> _Data provided_:
= Beginning of Section =

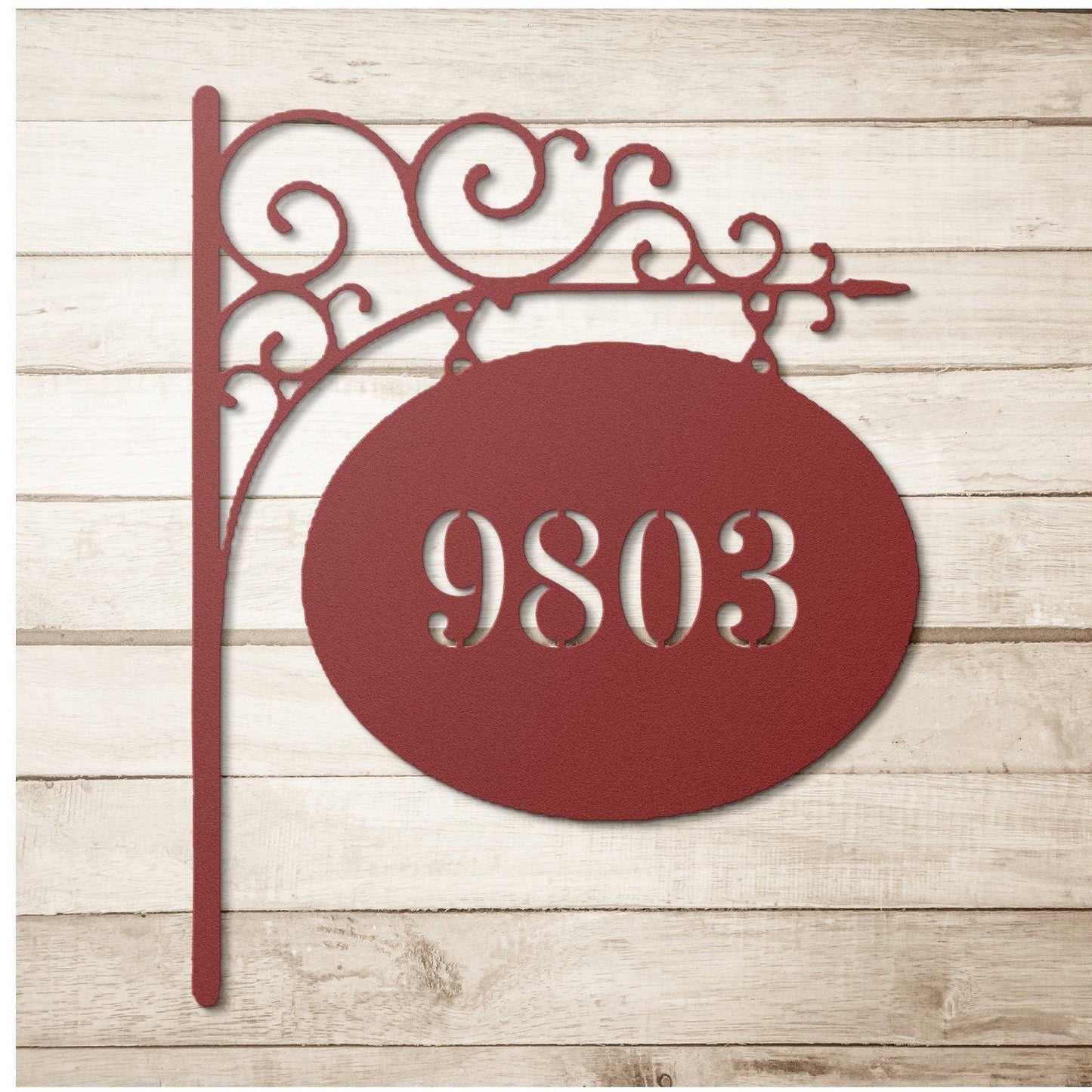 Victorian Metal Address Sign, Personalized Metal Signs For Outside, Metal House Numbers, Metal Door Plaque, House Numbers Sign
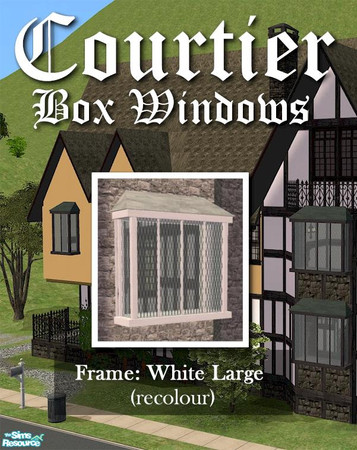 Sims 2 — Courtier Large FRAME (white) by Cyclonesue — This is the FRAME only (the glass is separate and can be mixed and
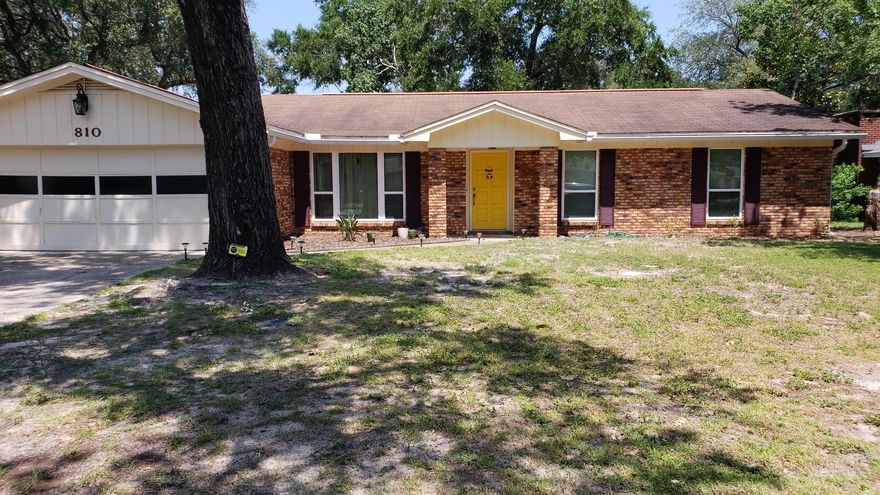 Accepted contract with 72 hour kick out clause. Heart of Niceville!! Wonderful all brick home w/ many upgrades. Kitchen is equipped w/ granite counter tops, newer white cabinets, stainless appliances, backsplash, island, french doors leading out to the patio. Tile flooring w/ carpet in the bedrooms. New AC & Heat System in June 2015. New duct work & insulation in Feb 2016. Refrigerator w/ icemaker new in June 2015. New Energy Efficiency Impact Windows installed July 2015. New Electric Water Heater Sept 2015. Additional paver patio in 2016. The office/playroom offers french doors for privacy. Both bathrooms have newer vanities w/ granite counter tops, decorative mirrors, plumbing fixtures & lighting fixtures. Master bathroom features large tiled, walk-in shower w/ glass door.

= End of Section =

> _Task_:
Extract the full listing above verbatim; pictures are to be left out of the copy.

> _Response for this exercise_:
 Victorian Metal Address Sign, Personalized Metal Signs For Outside, Metal House Numbers, Metal Door Plaque, House Numbers Sign
 Sims 2 — Courtier Large FRAME (white) by Cyclonesue — This is the FRAME only (the glass is separate and can be mixed and
 Accepted contract with 72 hour kick out clause. Heart of Niceville!! Wonderful all brick home w/ many upgrades. Kitchen is equipped w/ granite counter tops, newer white cabinets, stainless appliances, backsplash, island, french doors leading out to the patio. Tile flooring w/ carpet in the bedrooms. New AC & Heat System in June 2015. New duct work & insulation in Feb 2016. Refrigerator w/ icemaker new in June 2015. New Energy Efficiency Impact Windows installed July 2015. New Electric Water Heater Sept 2015. Additional paver patio in 2016. The office/playroom offers french doors for privacy. Both bathrooms have newer vanities w/ granite counter tops, decorative mirrors, plumbing fixtures & lighting fixtures. Master bathroom features large tiled, walk-in shower w/ glass door.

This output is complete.